2002

lunes, 27 de octubre de 2008

In memoriam

Es sábado 25 de octubre de 2008. Apenas son algo más de las ocho de la mañana. A miles de metros de altitud, sobre un mar de nubes, el avión está llegando a Barcelona. Por el horizonte, todos los matices del rojo al amarillo nos anuncian la amanecida. Arriba, en lo más alto, nos vigila una diminuta luna menguante. Abajo, lo sé, puedo adivinar la mar, que en unos minutos se dejará besar por un sol sin prisas. Las alas del avión, temblorosas, desafían las leyes de la física. Pienso por un momento en las víctimas del último accidente que tanto nos conmocionó a todos. Sin embargo, no me inquieta. Voy tranquilo, muy tranquilo, diría que confiado. Una de las últimas veces que me trasladé a esta ciudad, pilotaba el avión el comandante Antonio García Luna. Fue su largo y detallado comentario sobre el vuelo y de la travesía recién emprendida lo que llamó mi atención, y, sobre todo, su nombre. El mismo nombre de un viejo maestro y amigo que estuvo por Gerena hace ya más de treinta años. Cuando lo leí en las crónicas del accidente de Barajas, recordé aquel viaje. Un vuelo como este que ahora me conduce a esta hermosa ciudad mediterránea.

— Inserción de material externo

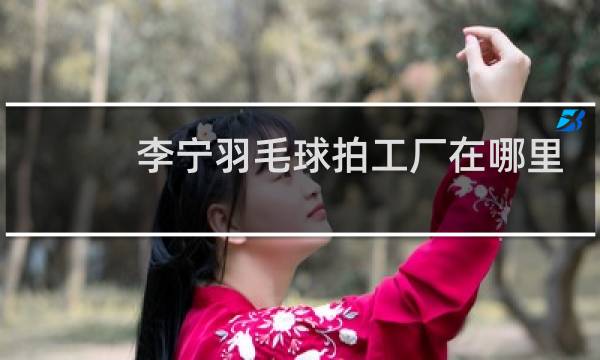 李宁羽毛球拍工厂在哪里
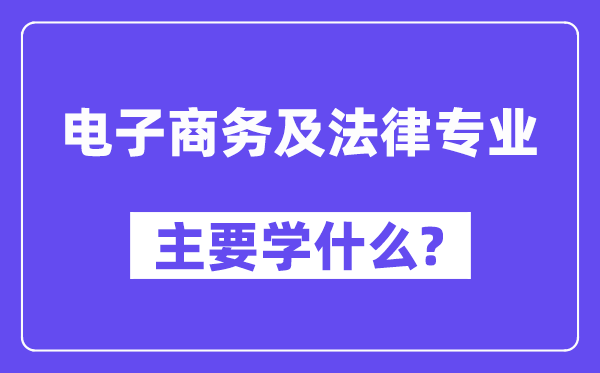 电子商务及法律专业主要学什么？附电子商务及法律专业课程目录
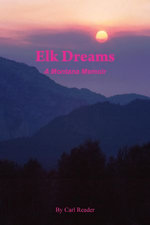 Elk Dreams, A Montana Memoir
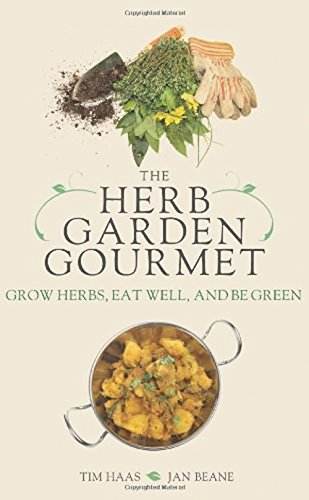 cover image The Herb Garden Gourmet: Grow Herbs, Eat Well, and Be Green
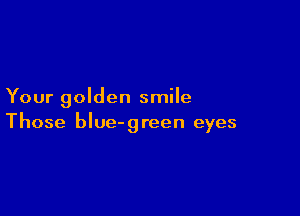 Your golden smile

Those blue-green eyes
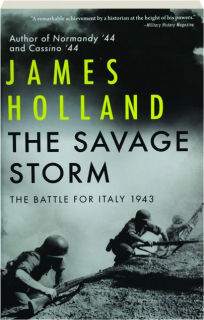 THE SAVAGE STORM: The Battle for Italy 1943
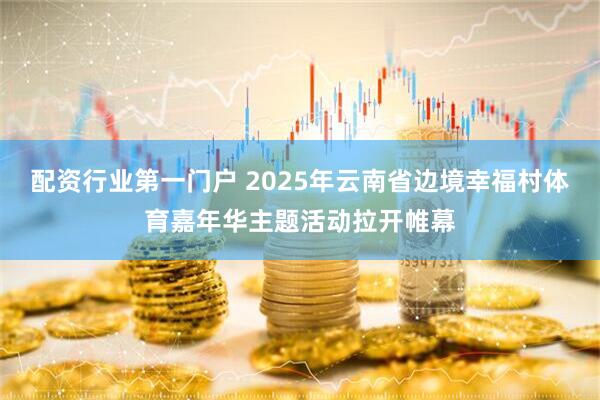 配资行业第一门户 2025年云南省边境幸福村体育嘉年华主题活动拉开帷幕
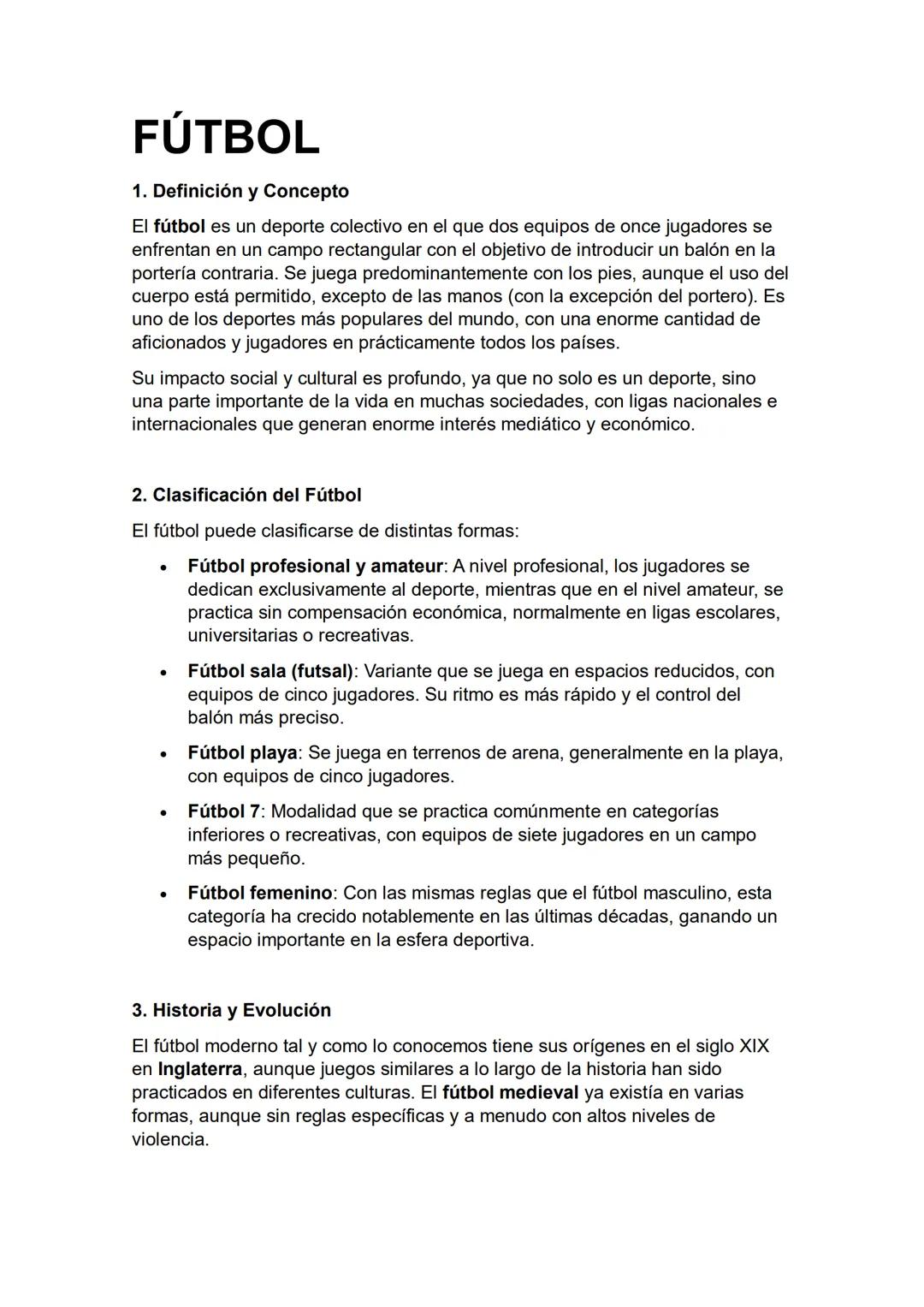 FÚTBOL
1. Definición y Concepto
El fútbol es un deporte colectivo en el que dos equipos de once jugadores se
enfrentan en un campo rectangul
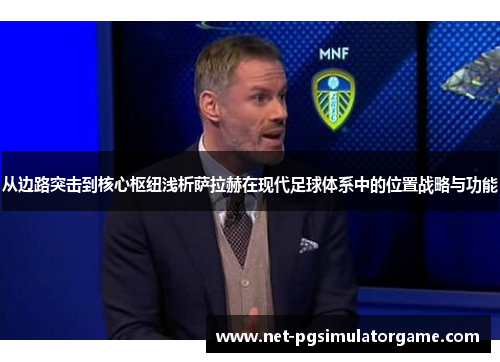 从边路突击到核心枢纽浅析萨拉赫在现代足球体系中的位置战略与功能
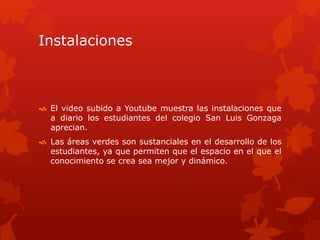 Instalaciones
El video subido a Youtube muestra las instalaciones que
a diario los estudiantes del colegio San Luis Gonzaga
aprecian.
Las áreas verdes son sustanciales en el desarrollo de los
estudiantes, ya que permiten que el espacio en el que el
conocimiento se crea sea mejor y dinámico.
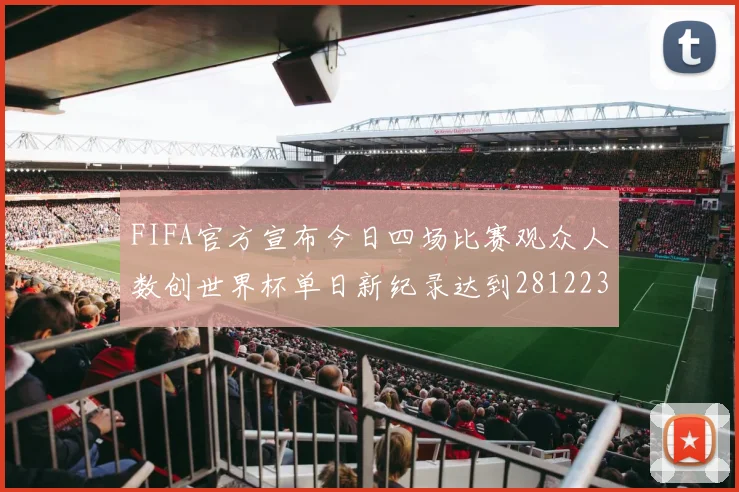 FIFA官方宣布今日四场比赛观众人数创世界杯单日新纪录达到281223人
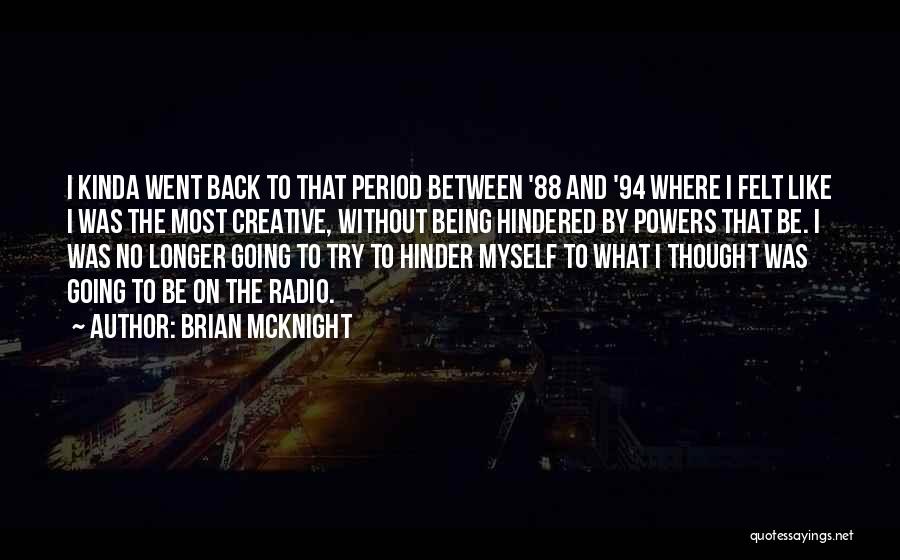 Brian Mcknight Back At One Quotes By Brian McKnight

Y pienso en las jugadas del destino y, sobre todo, en la fragilidad de nuestras vidas. A miles de metros de altitud, eres una brizna más del aire que envuelve y mima la vida sobre el planeta. Tal vez Antonio, aquel comandante de nombre tan familiar para mí, cuida hoy nuestro peregrinar por las autopistas del cielo. Con frecuencia, nos dejamos llevar en autobús, en tren o en avión. Al volante, siempre, un ser humano, con sus manos y todo su ser, vela por que lleguemos sanos y salvos a nuestro destino. A veces, no puede ser. Hoy,---confiado ya de que mis pies pisan tierra firme---, dejo latir en mi pecho una inmensa gratitud, unas gracias que lanzo a volar hacia el infinito.